## ASSIGNMENT
Return the full set of entries precisely. Do not carry over any pictures.
☆ ☆ ☆ ☆
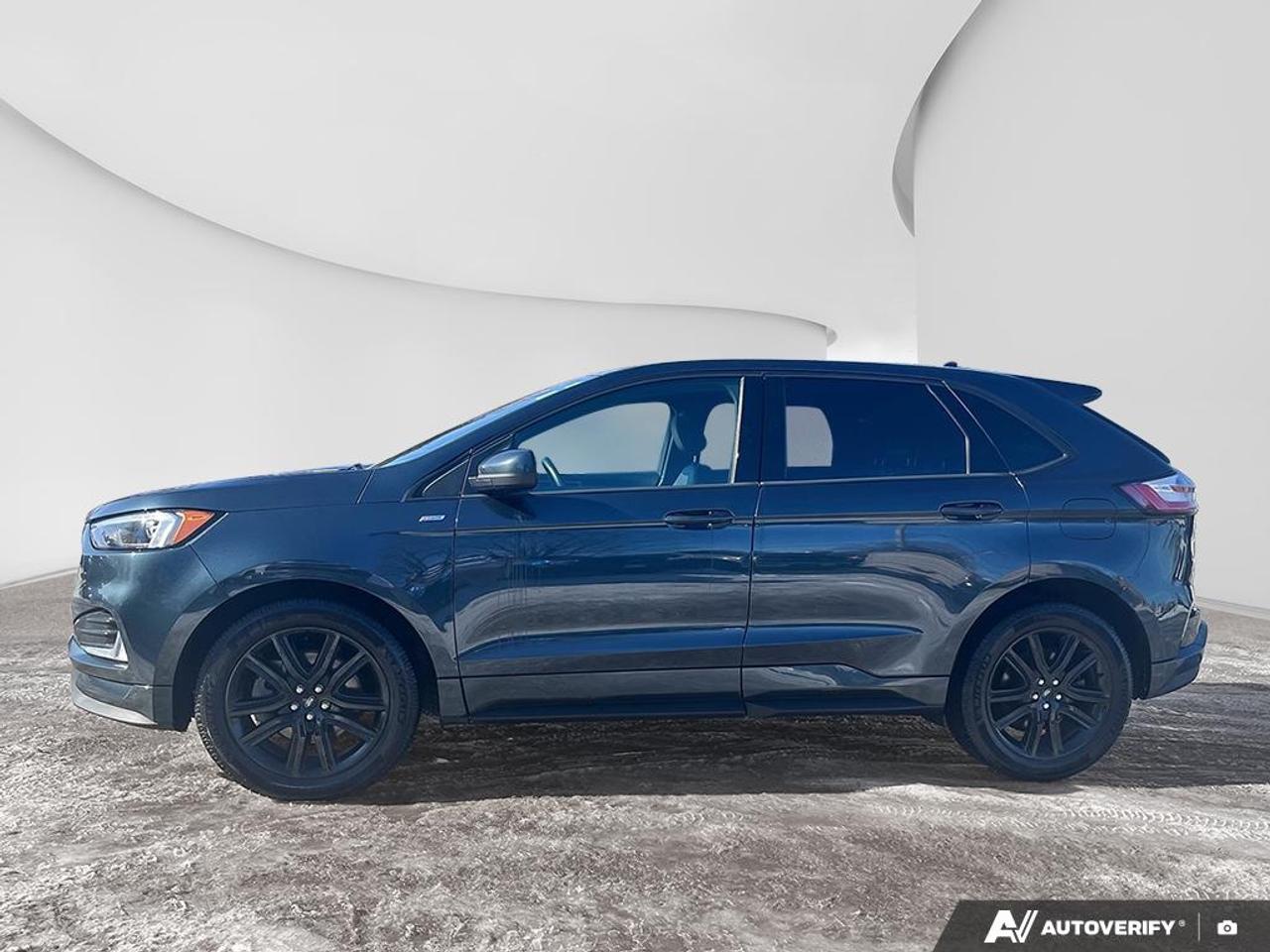 2022 Ford Edge  Photo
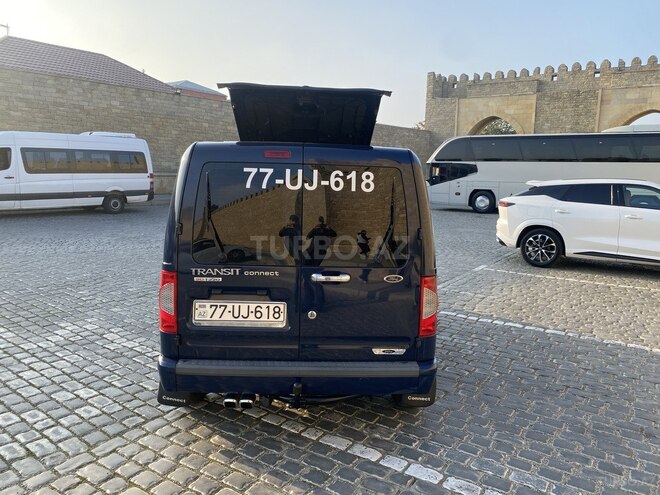 Ford Transit Connect 2011, 253,000 km - 1.8 л - Bakı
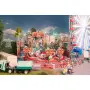 Manège Carrousel insider - HO 1/87 - FALLER 140434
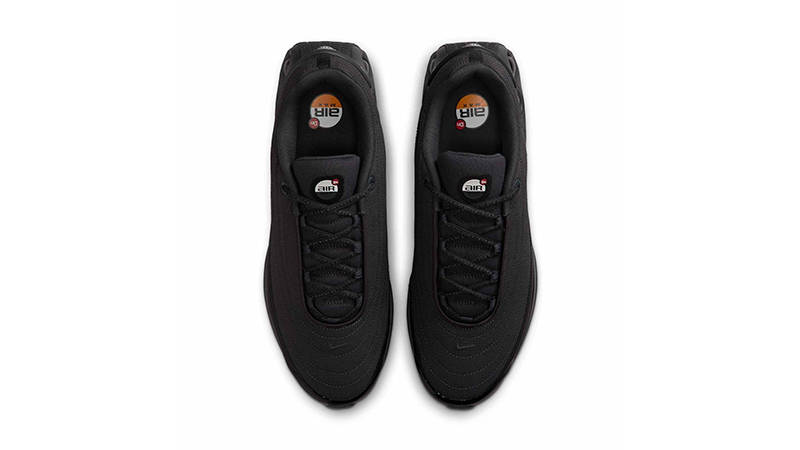 Nike Air Max Dn Winterized Black HV4528-002 middle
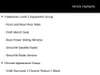 8 thumbnail image of  2026 Ram 1500 Tradesman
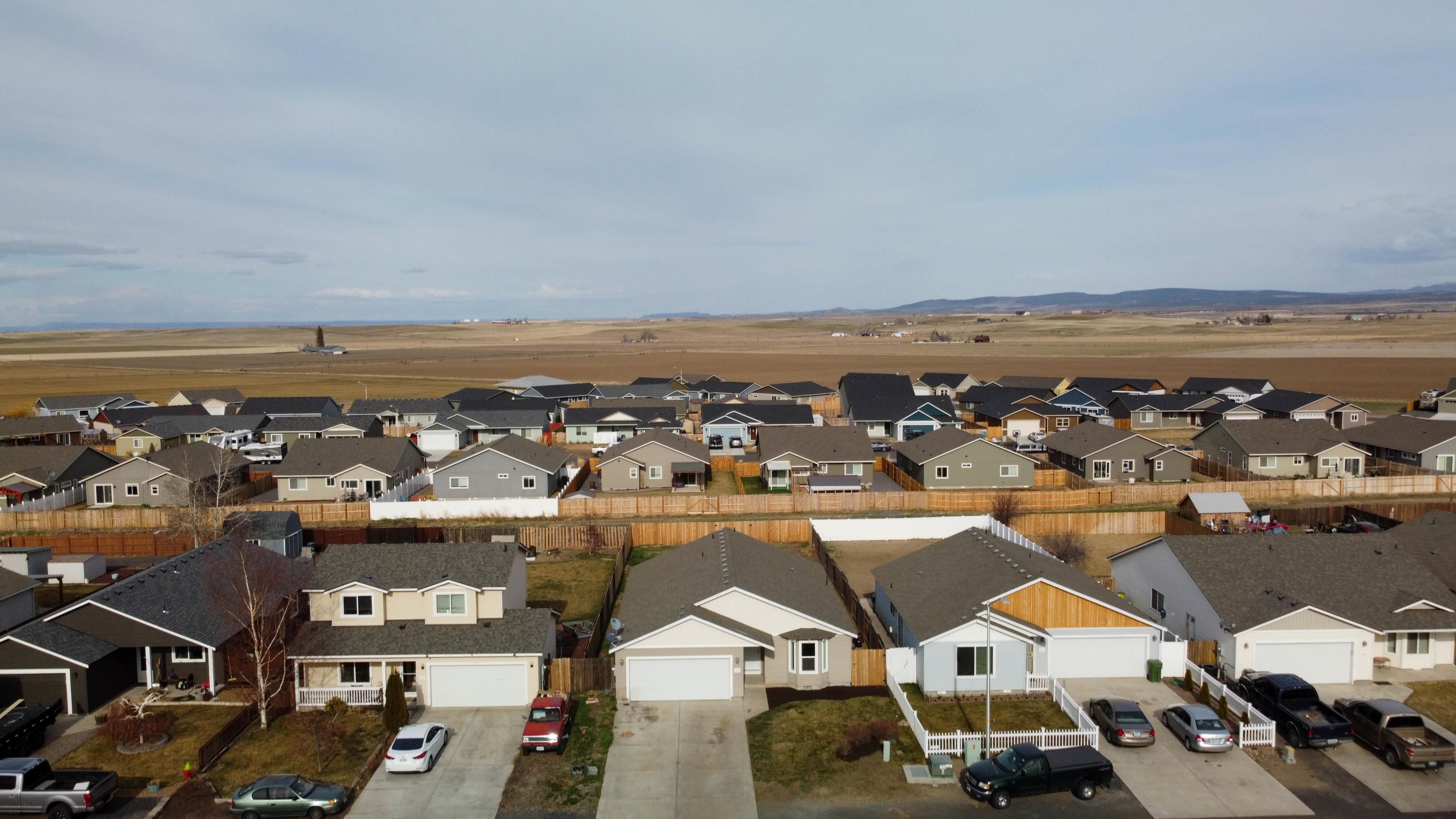 406 Center Ridge Drive Culver, OR 97734 - Photo 23 of 26 23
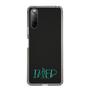 Slim Protection Case［ Original - INFP Mediator - Alphabet ］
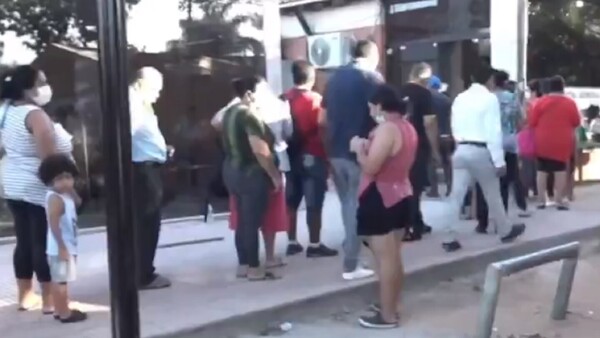 Circulación de Covid-19 y dengue satura servicios en Hospital de Calle’i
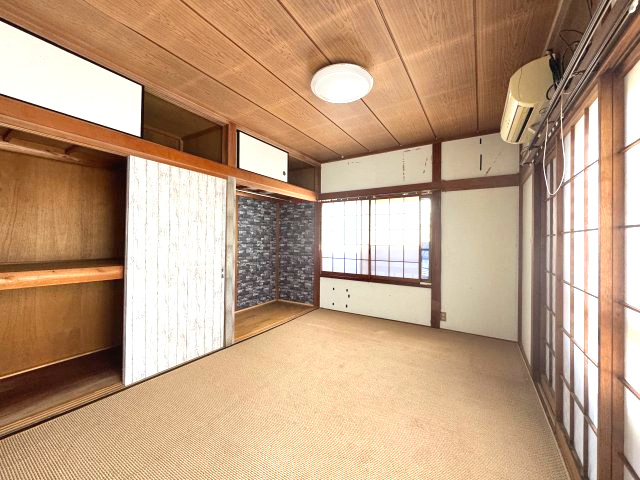 【和室】 | 取手市寺田　中古戸建　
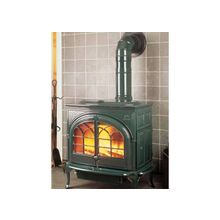 Jotul JOTUL F 600 VER 3 BLM (цвет морской волны)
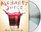 Alphabet Juice (Audio CD) (Abridged)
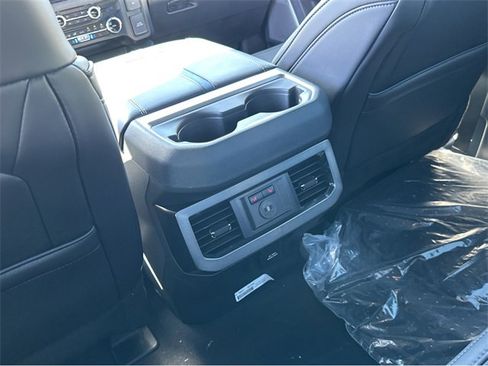 New 2025 Ford F350 Platinum w/ FX4 Off-Road Package image 22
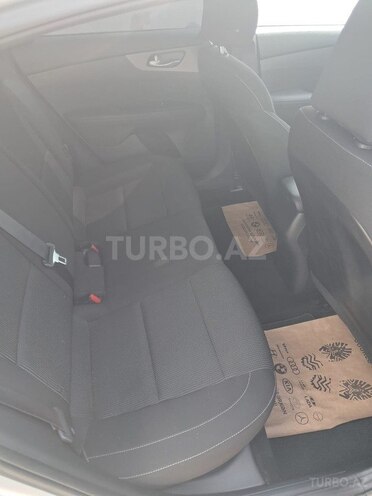 Kia Forte 2021, 72,000 km - 0.2 л - Bakı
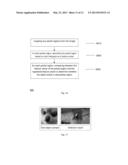 METHOD AND SYSTEM FOR DESCRIBING IMAGE REGION BASED ON COLOR HISTOGRAM diagram and image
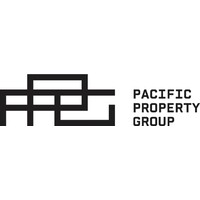 Pacific Property Group Logo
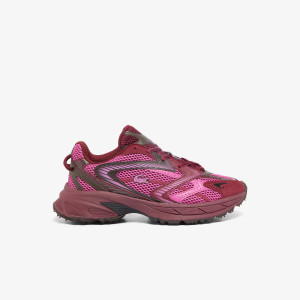 Sneakersy L003 Neo Shot damskie różowe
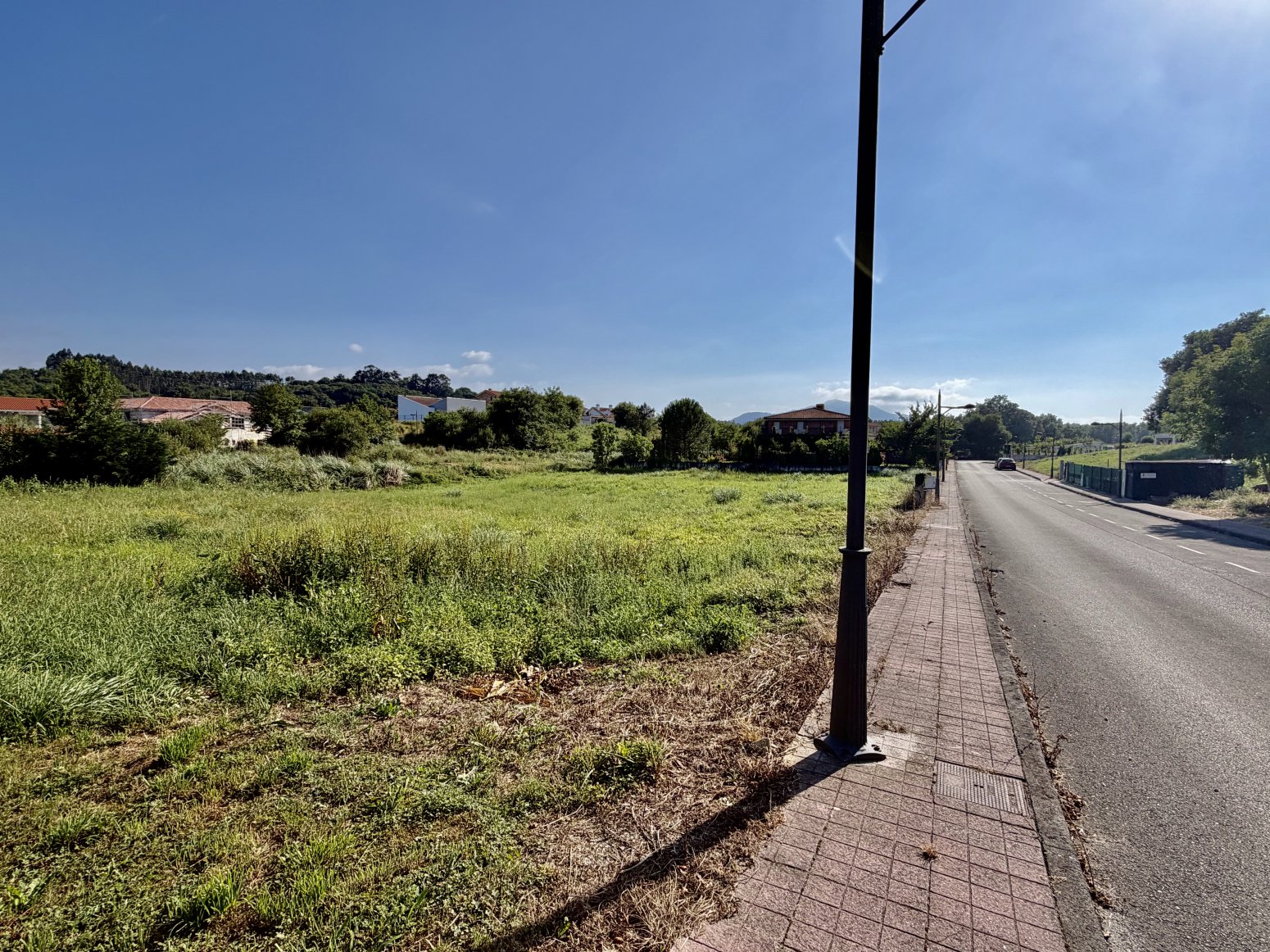 Fincas y solares-Venta-RibamontÃ¡n al Monte-2353216-Foto-4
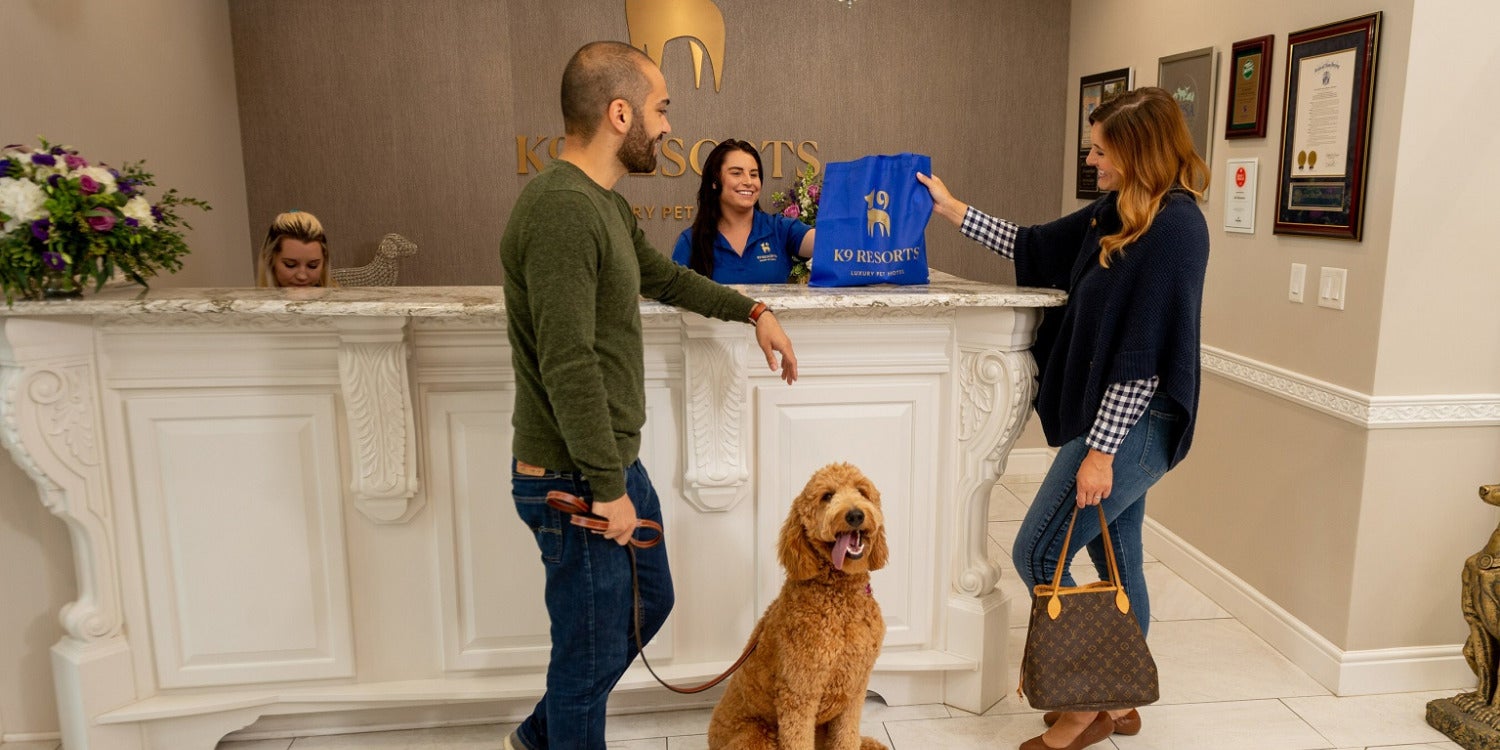 Father-Son Duo Mike and Thomas Esposito Set to Revolutionize Luxury Pet Boarding with K9 Resorts Expansion in Denver and Clearwater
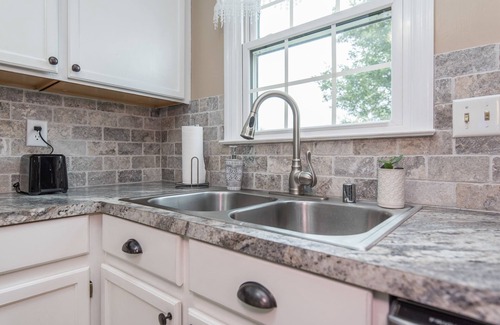 Lexington House | Hamburg Haven/Garage/🔥 Pit/7mi to Rupp/WiFi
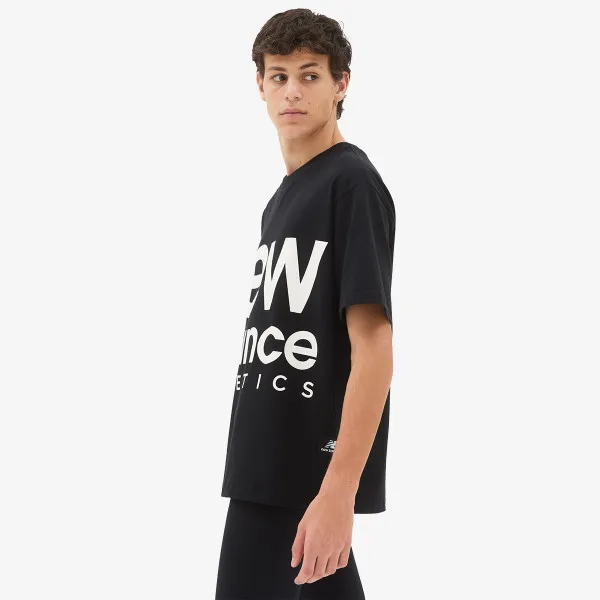 New Balance T-SHIRT NB Athletics Unisex Out of Bounds Tee 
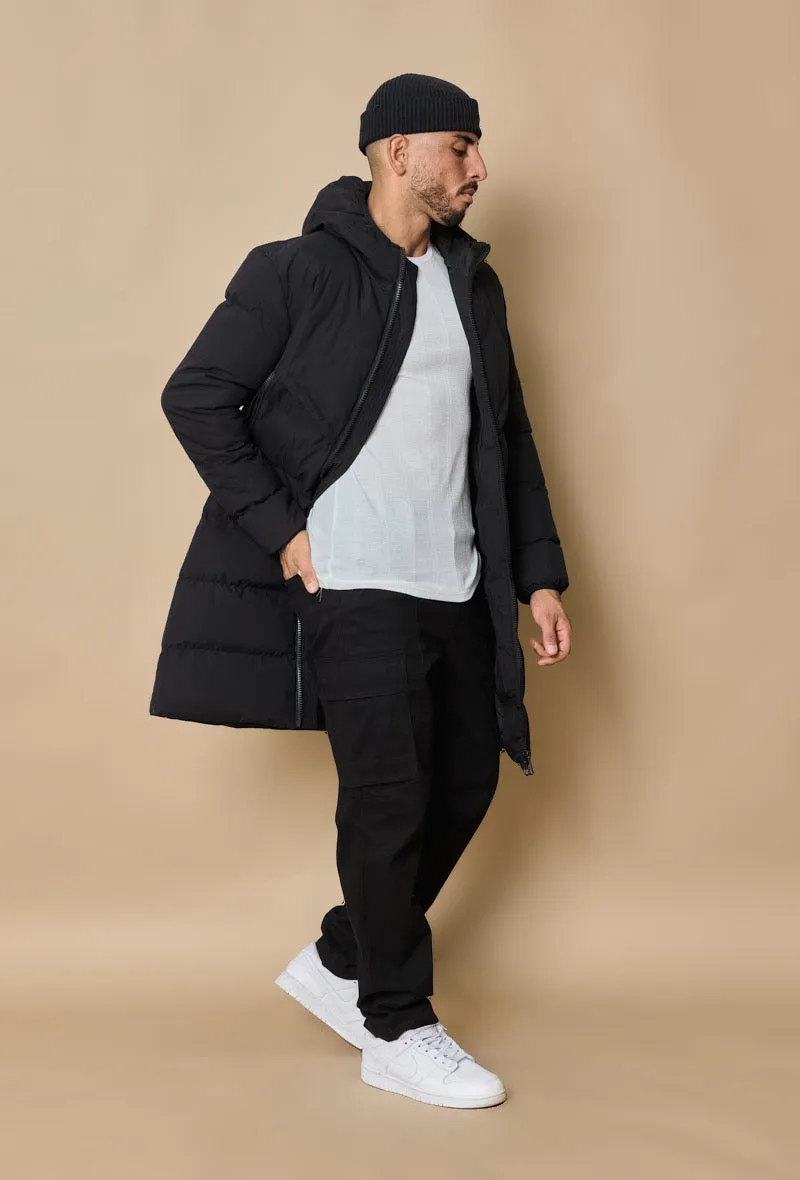 THE NORVIK PARKA
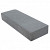 Graniet traptrede multi 15x37x100 donkergrijs (uitverkocht 25-6)
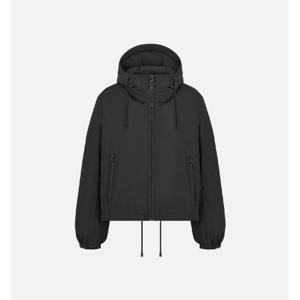 크리스챤 디올   여성 코트 SS25 457C21B2514 5333092 Black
☆ ☆ ☆ ☆
## RESULT FOR THIS EXERCISE
 2022 Ford Edge  Photo
 Ford Transit Connect 2011, 253,000 km - 1.8 л - Bakı
 Manège Carrousel insider - HO 1/87 - FALLER 140434
 Nike Air Max Dn Winterized Black HV4528-002 middle
 8 thumbnail image of  2026 Ram 1500 Tradesman
 406 Center Ridge Drive Culver, OR 97734 - Photo 23 of 26 23
 Slim Protection Case［ Original - INFP Mediator - Alphabet ］
 Circulación de Covid-19 y dengue satura servicios en Hospital de Calle’i
 【和室】 | 取手市寺田　中古戸建　
 Jotul JOTUL F 600 VER 3 BLM (цвет морской волны)
 Alphabet Juice (Audio CD) (Abridged)
 New 2025 Ford F350 Platinum w/ FX4 Off-Road Package image 22
 Kia Forte 2021, 72,000 km - 0.2 л - Bakı
 METHOD AND SYSTEM FOR DESCRIBING IMAGE REGION BASED ON COLOR HISTOGRAM diagram and image
 Pacific Property Group Logo
 Sneakersy L003 Neo Shot damskie różowe
 Fincas y solares-Venta-RibamontÃ¡n al Monte-2353216-Foto-4
 Father-Son Duo Mike and Thomas Esposito Set to Revolutionize Luxury Pet Boarding with K9 Resorts Expansion in Denver and Clearwater
 Lexington House | Hamburg Haven/Garage/🔥 Pit/7mi to Rupp/WiFi
 New Balance T-SHIRT NB Athletics Unisex Out of Bounds Tee 
 THE NORVIK PARKA
 Graniet traptrede multi 15x37x100 donkergrijs (uitverkocht 25-6)
 크리스챤 디올   여성 코트 SS25 457C21B2514 5333092 Black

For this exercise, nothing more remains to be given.